Allah berfirman (yang artinya), “Katakanlah; Maukah kami kabarkan kepada kalian mengenai orang-orang yang paling merugi amalnya. Yaitu orang-orang yang sia-sia usahanya dalam kehidupan dunia sementara mereka menyangka bahwa dirinya telah berbuat yang sebaik-baiknya.” (al-Kahfi : 103-104). Ayat tersebut dijelaskan oleh para ulama bersifat umum mencakup kaum Yahudi dan Nasrani bahkan juga kaum Khawarij dan siapa saja yang beribadah kepada Allah tidak di atas jalan yang benar dimana dia mengira bahwa dia berada di atas kebenaran dan menyangka bahwa amalnya pasti diterima padahal sesungguhnya dia telah keliru dan amalnya menjadi sia-sia (lihat Tafsir al-Qur’an al-‘Azhim oleh Imam Ibnu Katsir rahimahullah, 5/201-202)

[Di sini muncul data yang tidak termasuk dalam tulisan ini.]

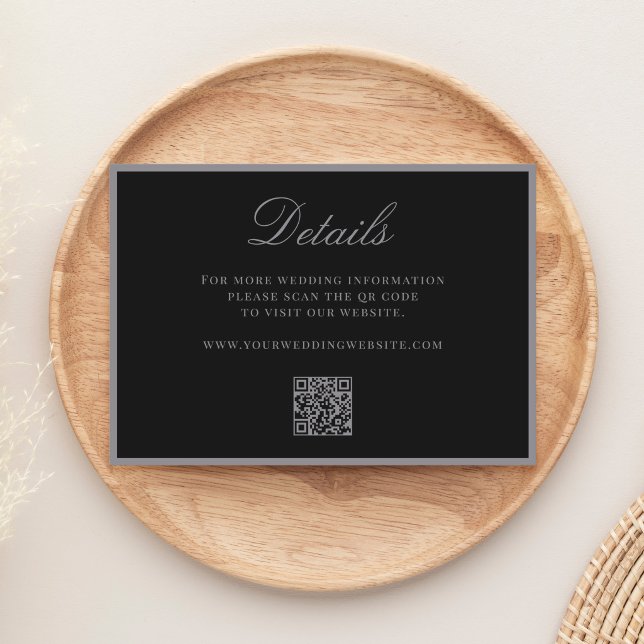 Elegant Matte Black QR Code Details Wedding Enclosure Card (Creator Uploaded)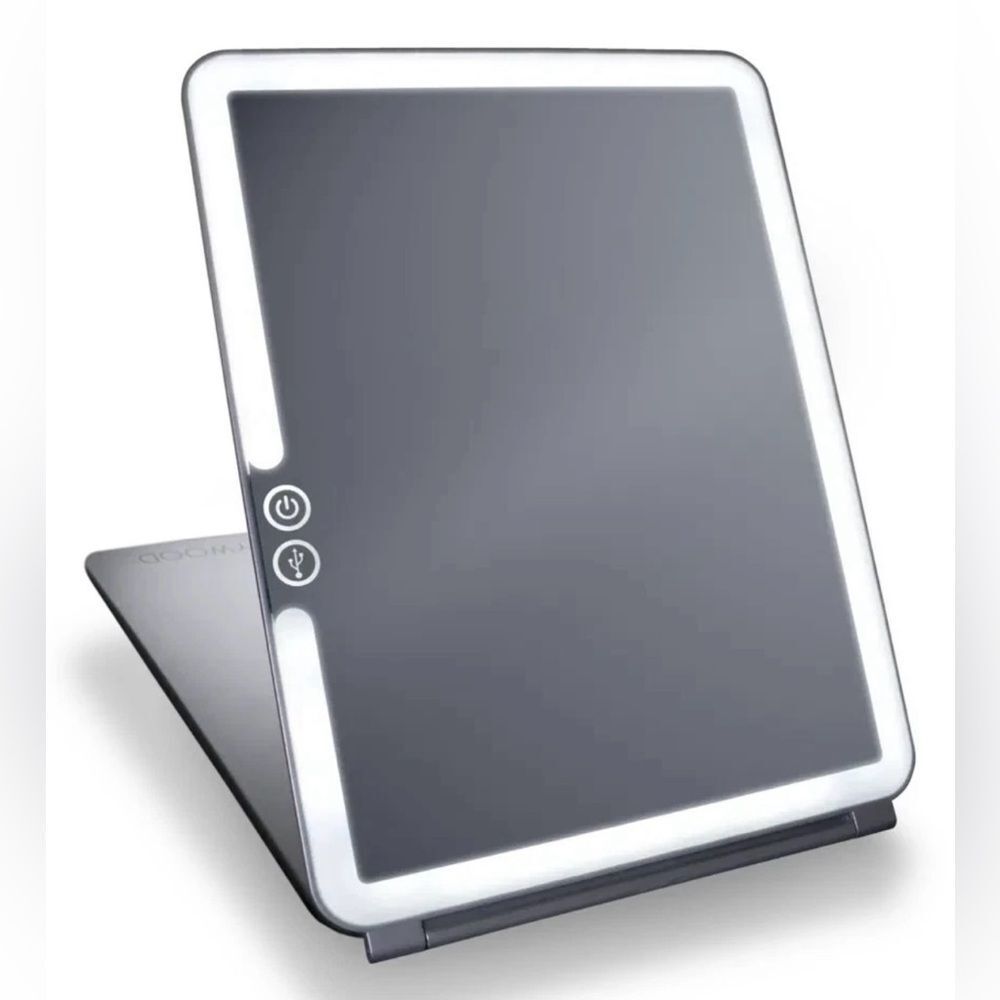 LED Lighted Makeup Mirror - Sleek Gray Compact Vanity Mirror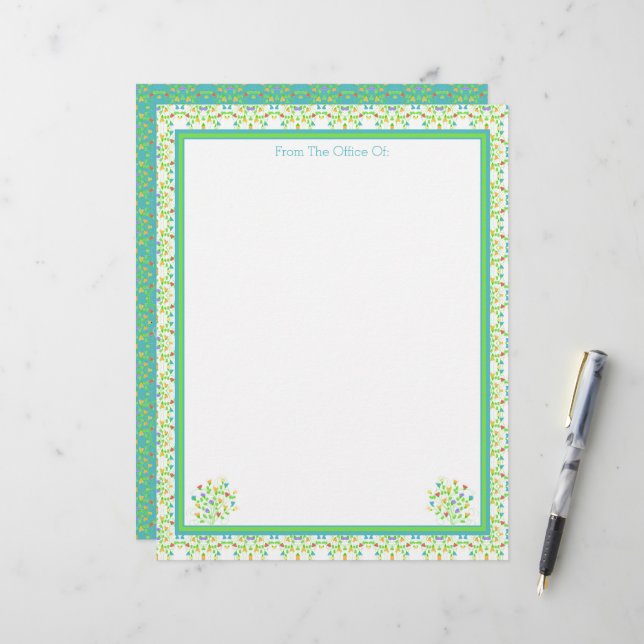 Papier mit floraler Akzentuierung des Designers Briefbogen (Vorderseite/Rückseite Beispiel)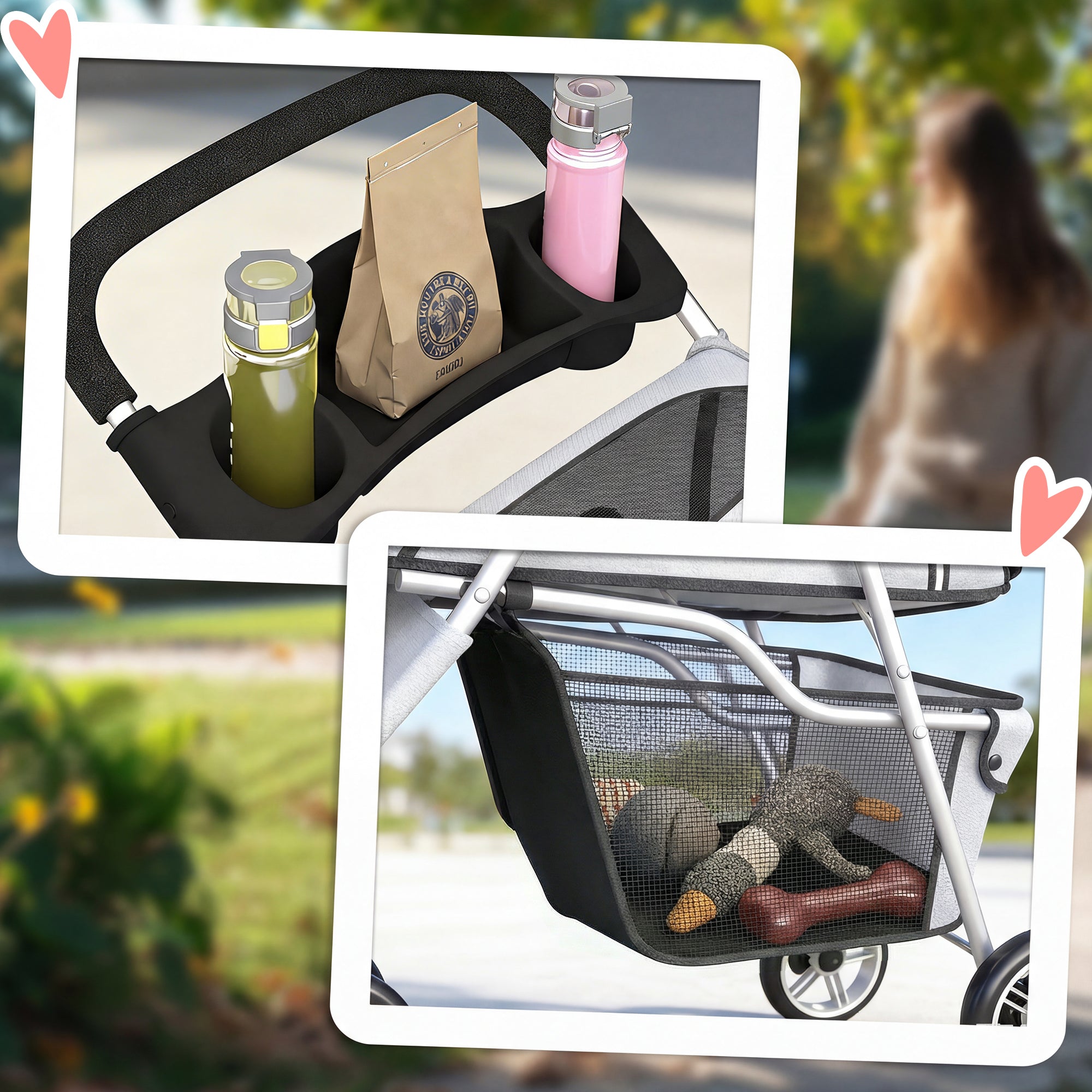 PawHut Folding Dog Stroller with Cup Holder and Basket, 77x44x102 cm, Grey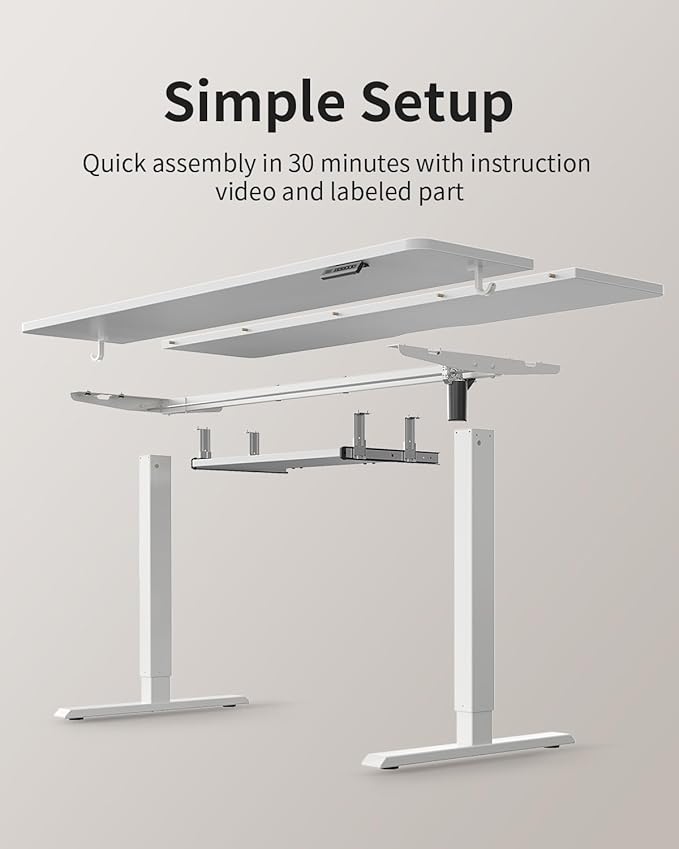 FEZIBO Standing Desk with Keyboard Tray, 48 x 24 Inch Adjustable Height Sit Stand Desk with Memory Presets for Home Office, Ergonomic Computer Workstation, White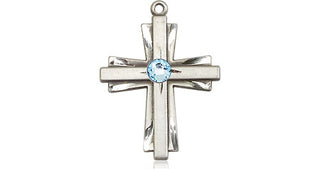 Sterling Silver Cross Pendant with a 3mm Aqua Swarovski stone on an 18-inch Sterling Silver Light Curb Chain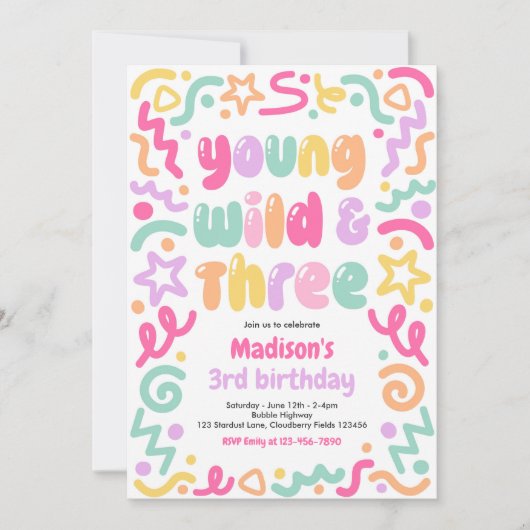 Young Wild & Three Confetti Balloon 3rd Birthday  招待状 (正面)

Hal ini memberikan faidah kepada kita bahwa menyimpang dari jalan yang lurus ini -baik dalam hal ilmu ataupun amalan- maka hal itu memiliki dampak yang sangat membahayakan. Akibat terburuknya adalah keluar dari jalan Islam dan terjerumus dalam syirik dan kekafiran. Oleh sebab itulah sangat wajar apabila kita diperintahkan untuk berdoa kepada Allah meminta petunjuk menuju jalan yang lurus ini di dalam setiap raka’at sholat kita. Karena begitu besarnya kebutuhan kita terhadap hidayah itu. Tanpa hidayah maka seorang hamba pasti celaka dan binasa.

Syaikh Abdul Muhsin al-‘Abbad hafizhahullah berkata, “…Kebutuhan hamba kepada hidayah ini lebih besar daripada kebutuhannya kepada makanan dan minuman. Karena makanan dan minuman itu adalah bekal kehidupannya yang fana. Adapun hidayah menuju jalan yang lurus merupakan bekal kehidupannya yang kekal dan abadi.” (lihat Kutub wa Rasa’il Abdil Muhsin, 1/152)

Demikian sedikit catatan faidah yang bisa kami sajikan dalam kesempatan ini. Semoga bermanfaat bagi kita semuanya. Walhamdulillahi Rabbil ‘alamin.